INFORMATION SHOWN:
○ ○ ○ ○ ○ ○ ○
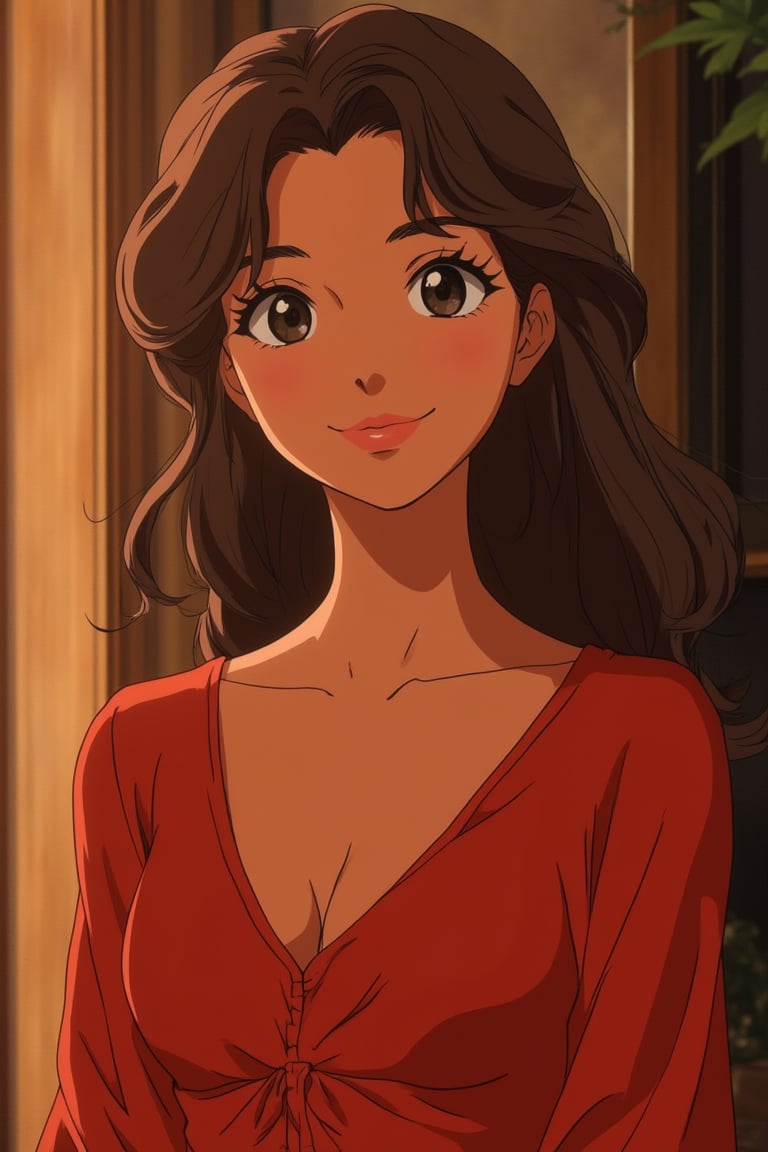 vibrant Moe anime portrait of a beautiful woman with wavy hair, smiling warmly. Her eyes are large, glossy, and expressive, capturing a sense of charm and elegance. She wears a flowy red dress that drapes gracefully, accentuating her figure. The scene is framed close-up, focusing on her radiant face and the soft, warm lighting that enhances her beauty. The background is softly blurred, drawing attention to her enchanting presence.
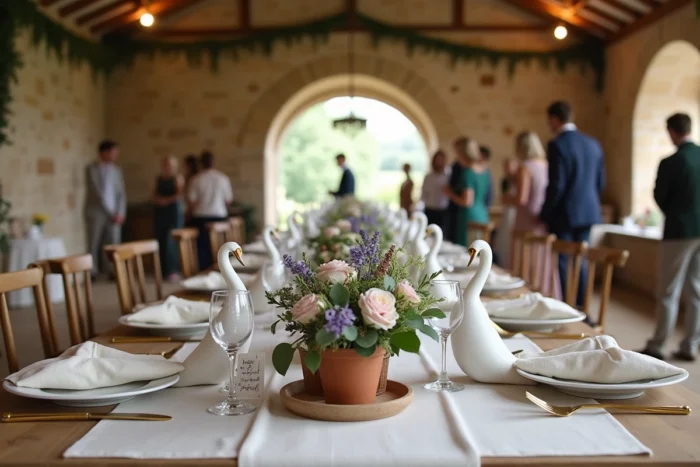 Table de réception de mariage décorée avec des roses, de l'eucalyptus et des couverts dorés vintage dans une grange en pierre rénovée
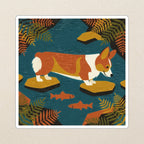 Corgi Kiss-Cut Sticker, Retro Autumn Dog Art, Corgi Lover Gift, Vinyl Sticker kiss-cut vinyl sticker applied to a journal cover on a limestone desk, photographed from directly above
○ ○ ○ ○ ○ ○ ○
YOUR TASK: Reproduce exactly the line containing "Table de réception" and every line after it in the material above, up to and including the last. Exclude all pictures.

TASK OUTPUT:
 Table de réception de mariage décorée avec des roses, de l'eucalyptus et des couverts dorés vintage dans une grange en pierre rénovée
 Corgi Kiss-Cut Sticker, Retro Autumn Dog Art, Corgi Lover Gift, Vinyl Sticker kiss-cut vinyl sticker applied to a journal cover on a limestone desk, photographed from directly above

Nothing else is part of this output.